▶ **Supplied data**
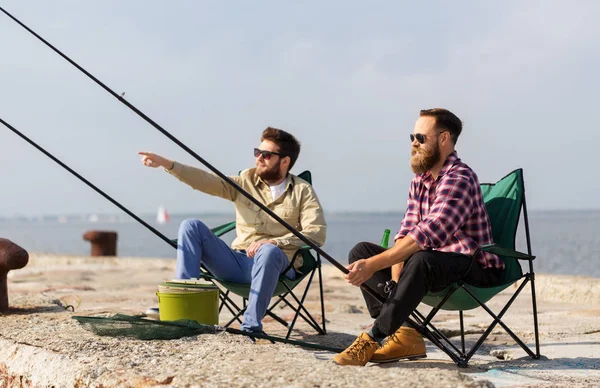 Amigos do sexo masculino com varas de pesca no cais — Fotografia de Stock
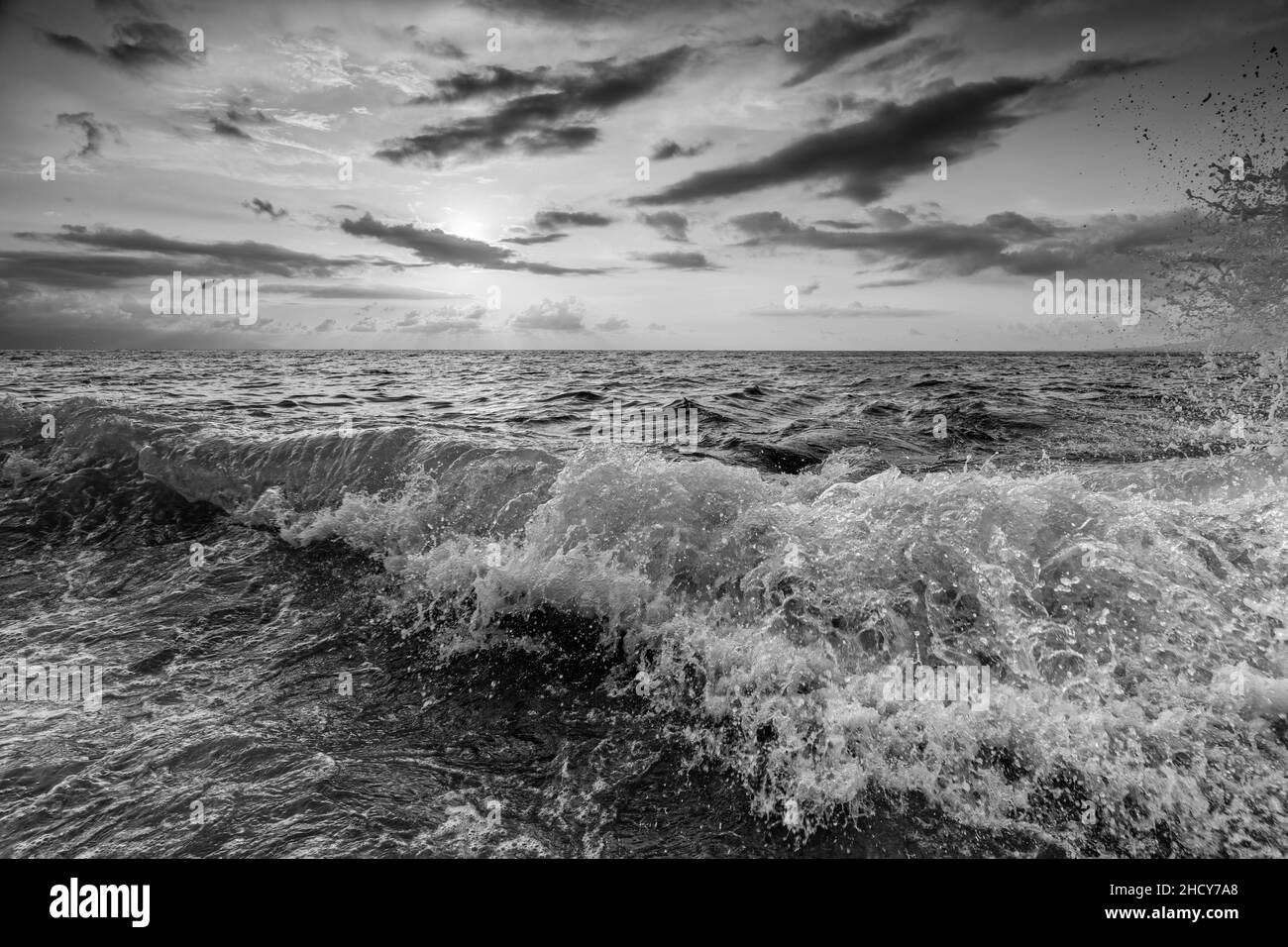 Un ciel de coucher de soleil sur Ocean Seascape avec Un paysage cloudscape détaillé comme Une vague tombe en terre au format d'image noir et blanc Banque D'Images
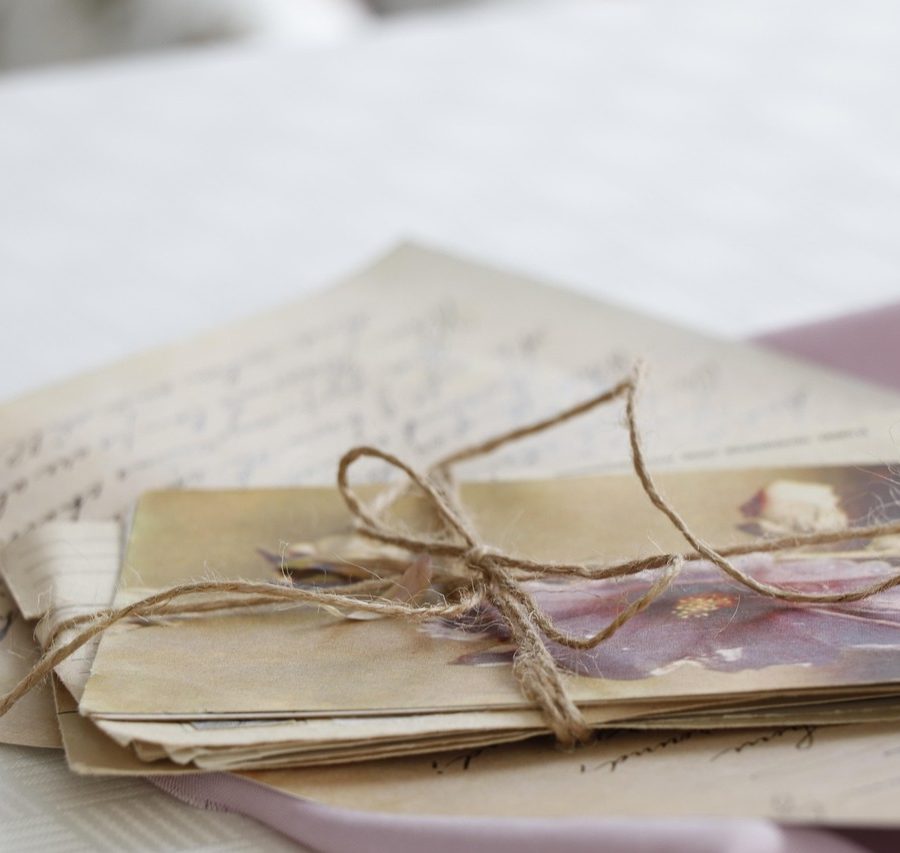 A small pile of old photos and documents tied together with string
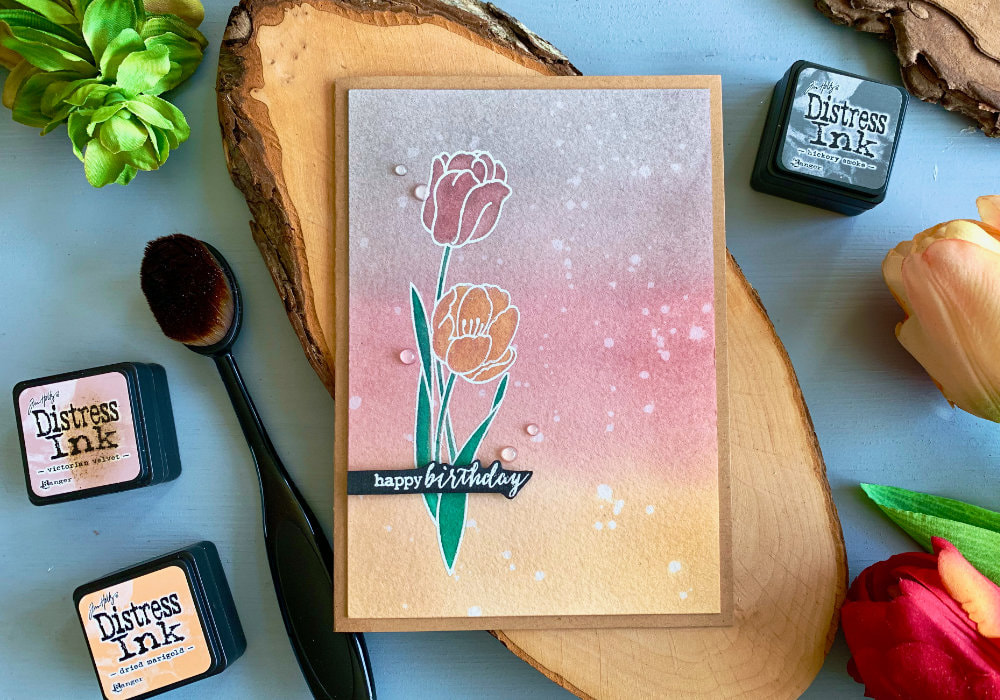 Handmade Birthday card with a background created with Distress inks in colours grey, pink and yellow and a stamped tulips heat embossed in white and watercoloured using the Distress inks - green, pink and yellow. 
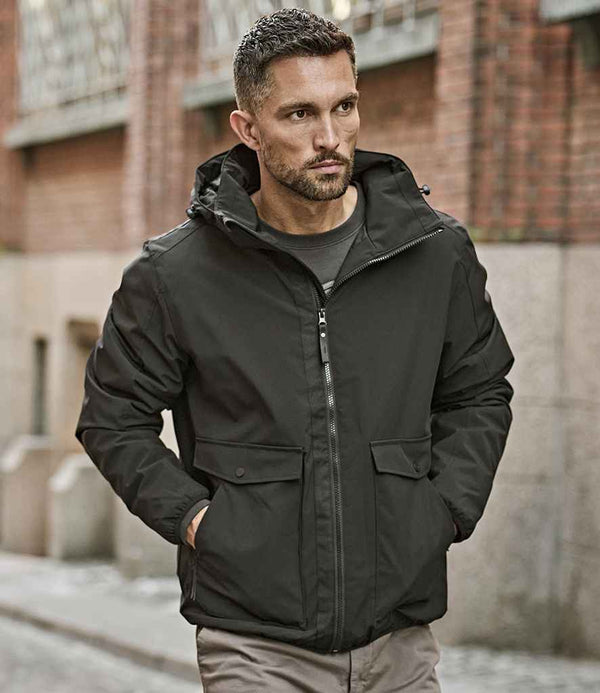 A man with short hair and a beard is wearing the Tee Jays Urban Adventure Shell Jacket by Tee Jays, a black windproof jacket with front pockets and a zipper, while standing outdoors on a city street near a brick building.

▶ **Task instructions**
Your copy of the listing should match it exactly, apart from the pictures, which are left out.

▶ **Completed task**
 Amigos do sexo masculino com varas de pesca no cais — Fotografia de Stock
 Un ciel de coucher de soleil sur Ocean Seascape avec Un paysage cloudscape détaillé comme Une vague tombe en terre au format d'image noir et blanc Banque D'Images
 A small pile of old photos and documents tied together with string
 Handmade Birthday card with a background created with Distress inks in colours grey, pink and yellow and a stamped tulips heat embossed in white and watercoloured using the Distress inks - green, pink and yellow. 
 A man with short hair and a beard is wearing the Tee Jays Urban Adventure Shell Jacket by Tee Jays, a black windproof jacket with front pockets and a zipper, while standing outdoors on a city street near a brick building.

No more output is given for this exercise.